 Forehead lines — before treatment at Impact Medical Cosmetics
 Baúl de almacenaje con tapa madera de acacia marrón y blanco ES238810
------
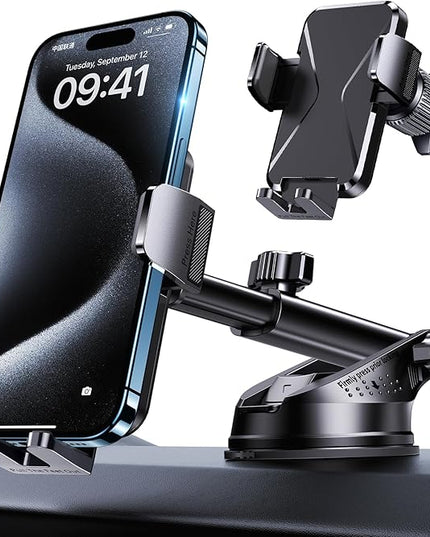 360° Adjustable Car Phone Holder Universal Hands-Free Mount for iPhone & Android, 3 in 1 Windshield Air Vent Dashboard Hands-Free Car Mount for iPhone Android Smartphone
------
▸ Aim of the exercise
Transcribe the records above from the line holding "Forehead lines —" down to the line holding "Baúl de almacenaje", inclusive, without adding anything.

▸ Answer section
 Forehead lines — before treatment at Impact Medical Cosmetics
 Baúl de almacenaje con tapa madera de acacia marrón y blanco ES238810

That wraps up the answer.